__Data to process__
--- START ---

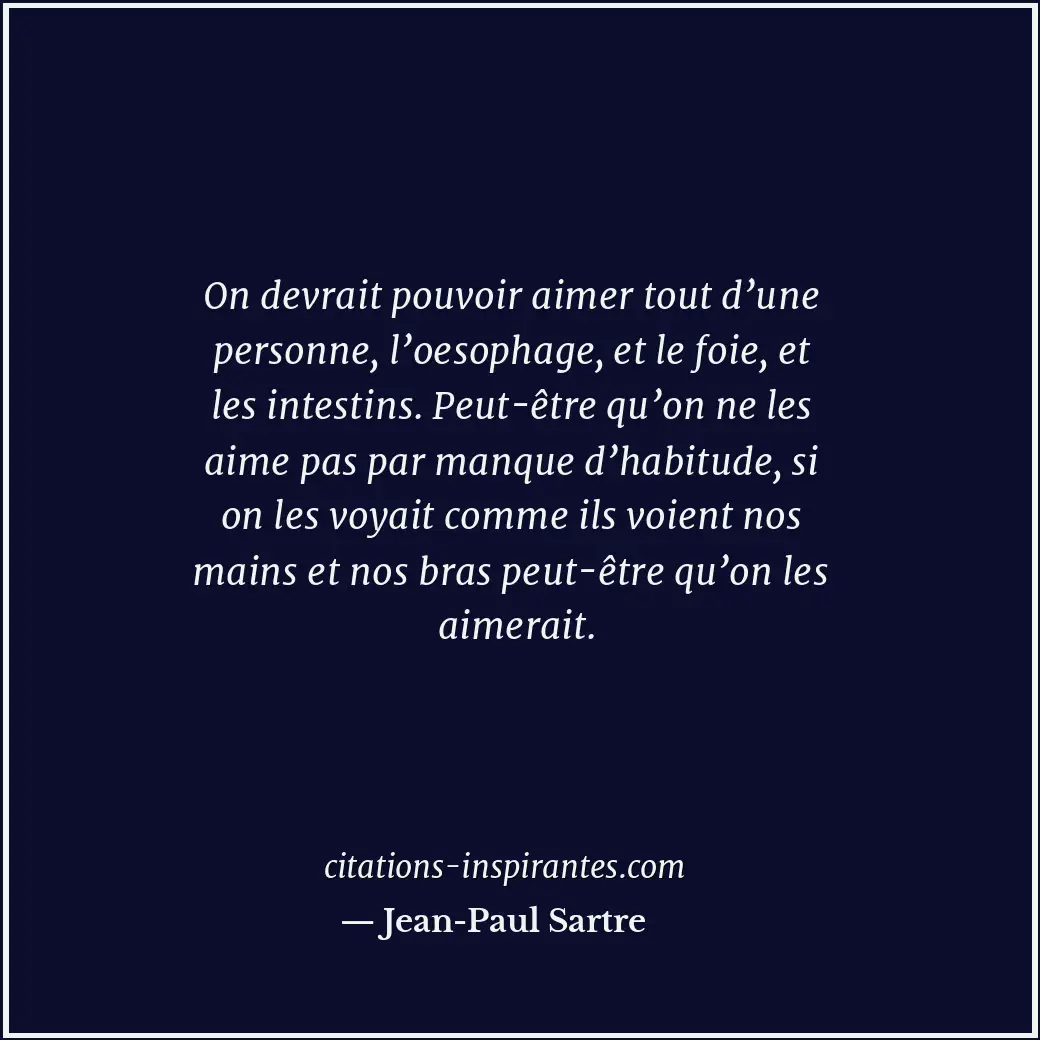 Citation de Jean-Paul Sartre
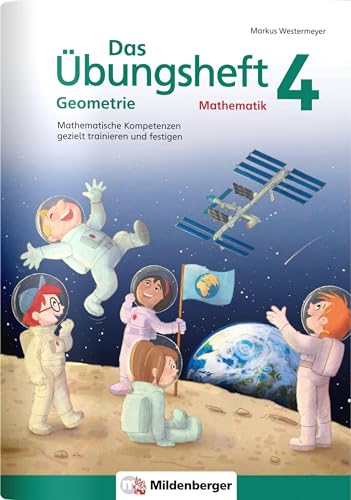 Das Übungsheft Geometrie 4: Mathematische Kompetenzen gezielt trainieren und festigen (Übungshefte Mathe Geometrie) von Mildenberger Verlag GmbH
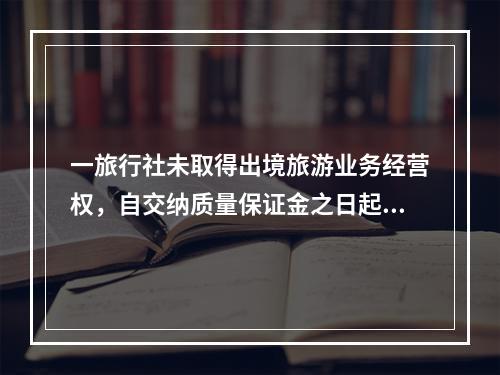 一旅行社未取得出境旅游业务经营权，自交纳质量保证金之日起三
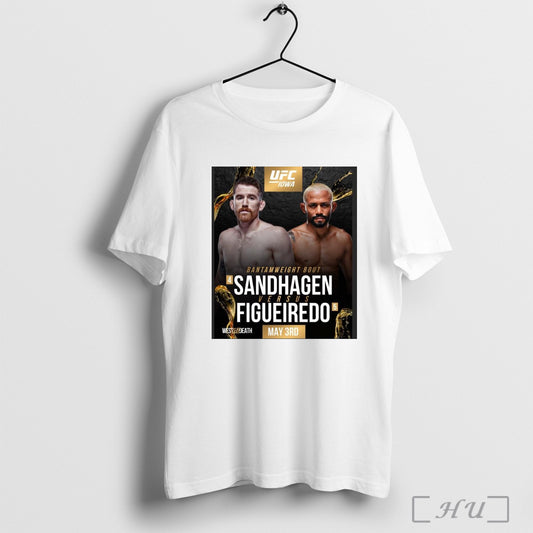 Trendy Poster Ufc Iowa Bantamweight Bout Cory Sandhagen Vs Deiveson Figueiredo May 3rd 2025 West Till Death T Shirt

--- END ---
--- START ---

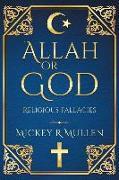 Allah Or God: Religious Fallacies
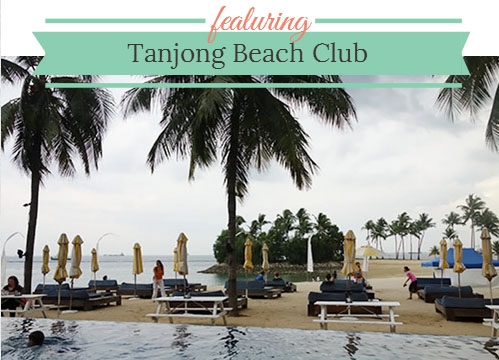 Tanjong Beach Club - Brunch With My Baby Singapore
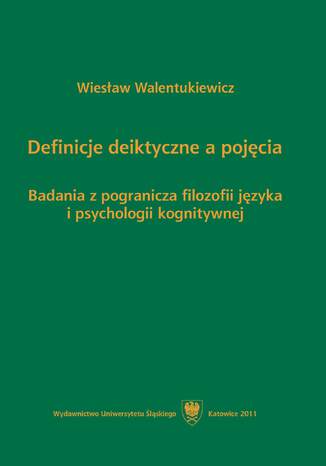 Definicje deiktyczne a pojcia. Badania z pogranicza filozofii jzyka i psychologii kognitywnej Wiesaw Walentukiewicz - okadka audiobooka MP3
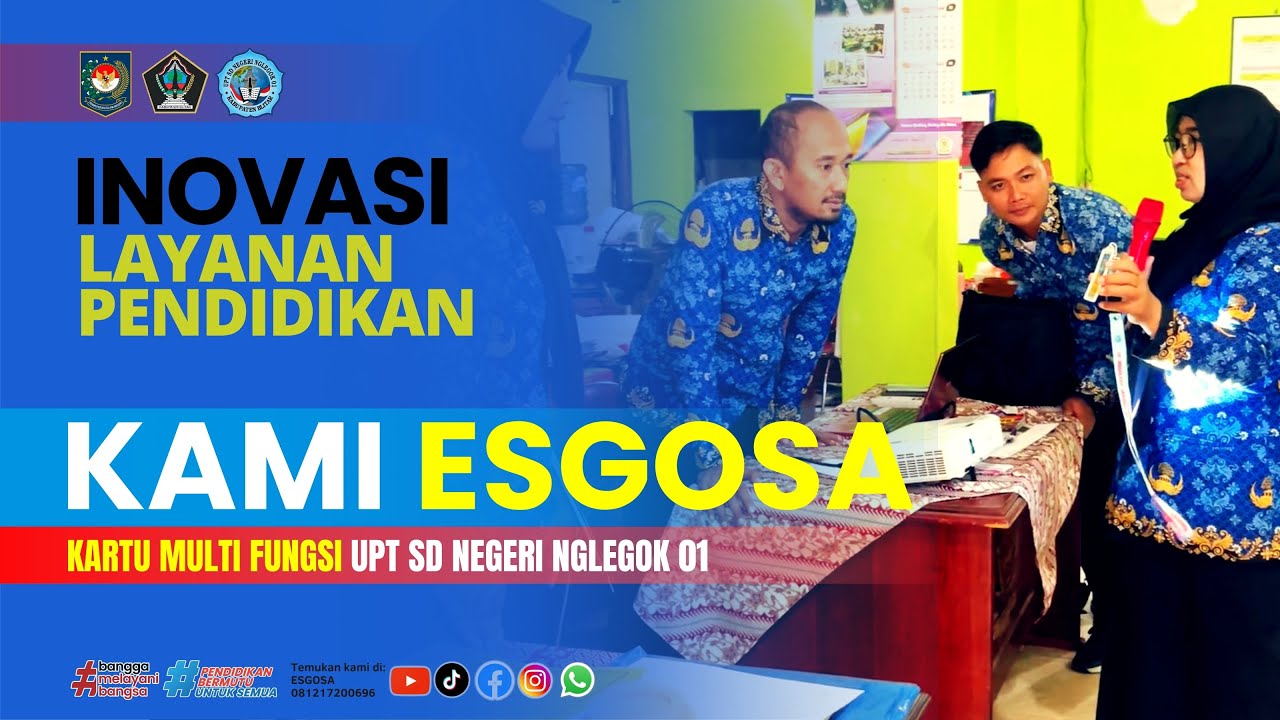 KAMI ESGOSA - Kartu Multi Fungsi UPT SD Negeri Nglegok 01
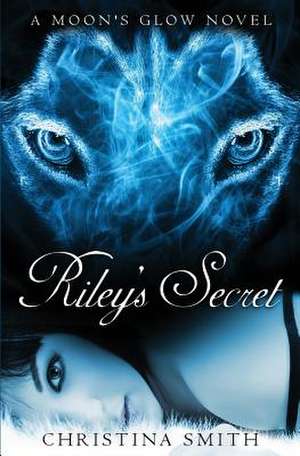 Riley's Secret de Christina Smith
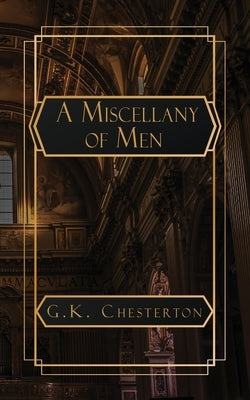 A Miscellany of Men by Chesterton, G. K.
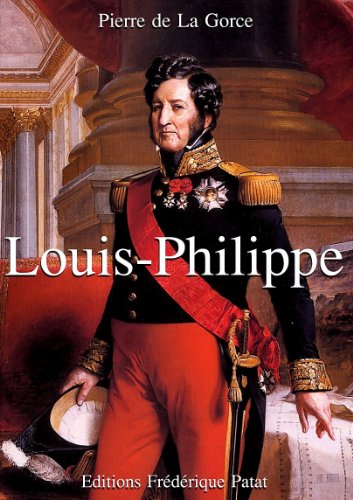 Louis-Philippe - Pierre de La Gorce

--- END ---
--- START ---

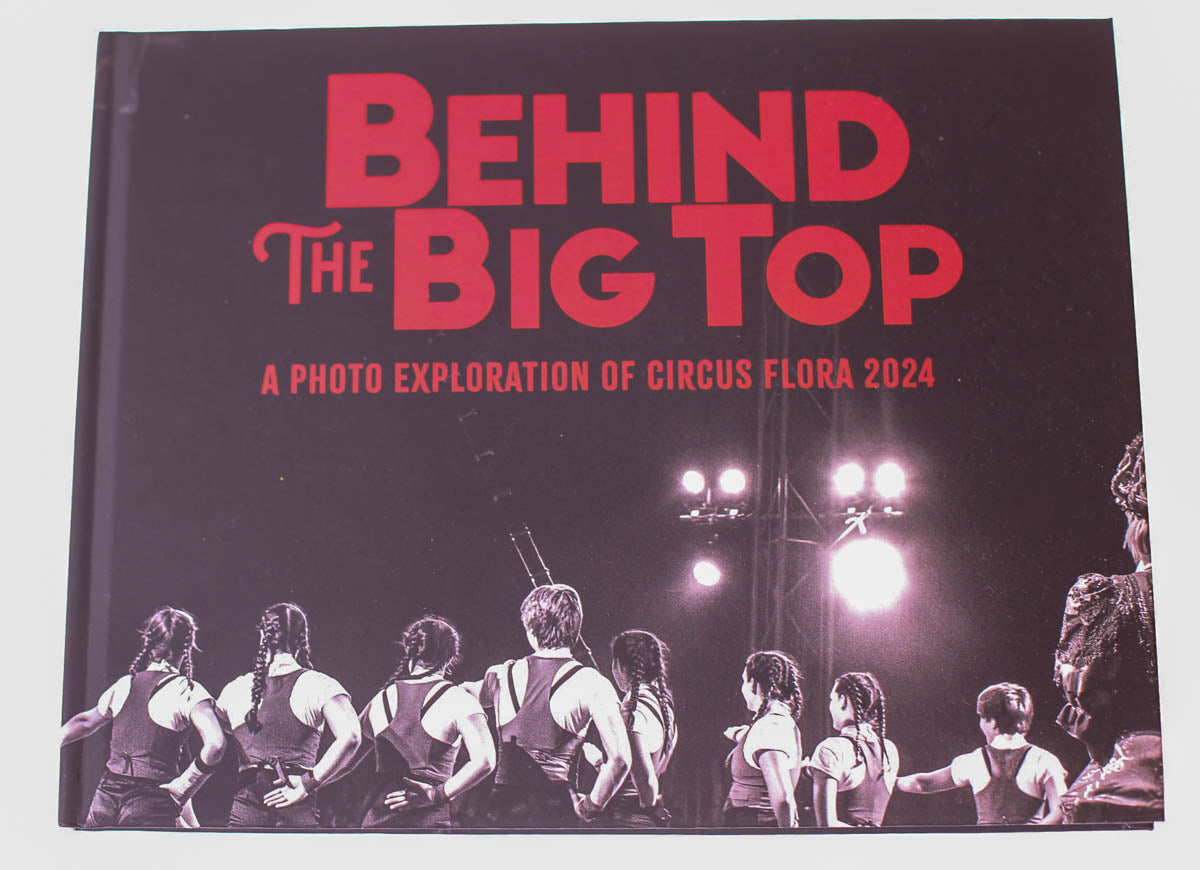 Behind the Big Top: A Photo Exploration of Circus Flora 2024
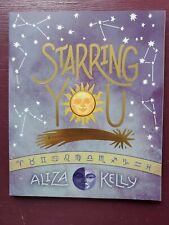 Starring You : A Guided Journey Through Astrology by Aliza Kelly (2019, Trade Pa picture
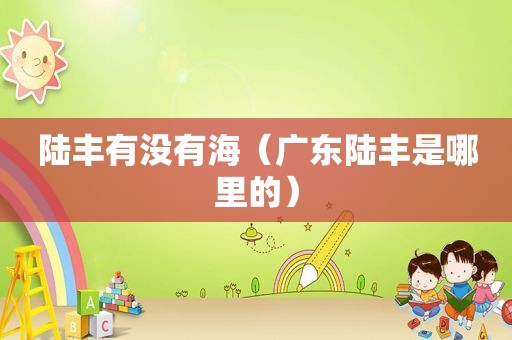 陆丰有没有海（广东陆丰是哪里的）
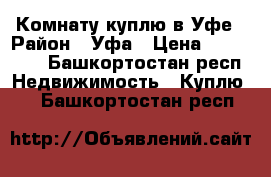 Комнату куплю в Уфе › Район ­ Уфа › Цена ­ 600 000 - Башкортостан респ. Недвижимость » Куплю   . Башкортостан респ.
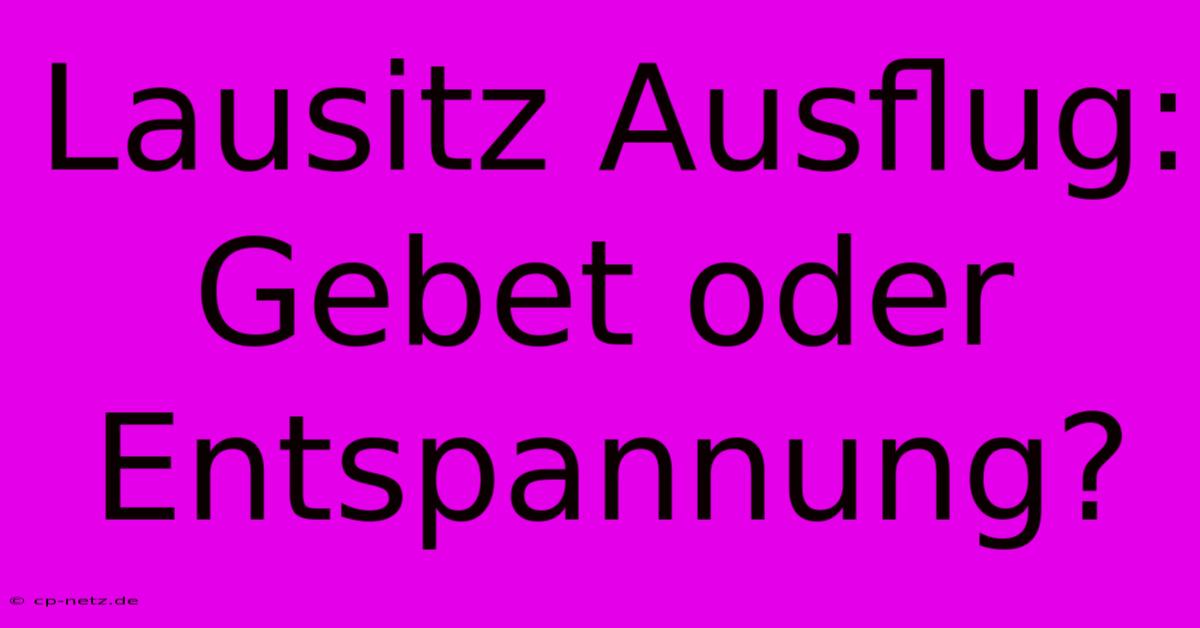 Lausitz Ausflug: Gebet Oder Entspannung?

--- END ---

Although pictures appear among the entries, please set down only the lines from the one with "Citation de Jean-Paul Sartre" up to and including the one with "Trendy Poster Ufc", word for word.

__Answer to this problem__
 Citation de Jean-Paul Sartre
 Das Übungsheft Geometrie 4: Mathematische Kompetenzen gezielt trainieren und festigen (Übungshefte Mathe Geometrie) von Mildenberger Verlag GmbH
 一旅行社未取得出境旅游业务经营权，自交纳质量保证金之日起三
 Trendy Poster Ufc Iowa Bantamweight Bout Cory Sandhagen Vs Deiveson Figueiredo May 3rd 2025 West Till Death T Shirt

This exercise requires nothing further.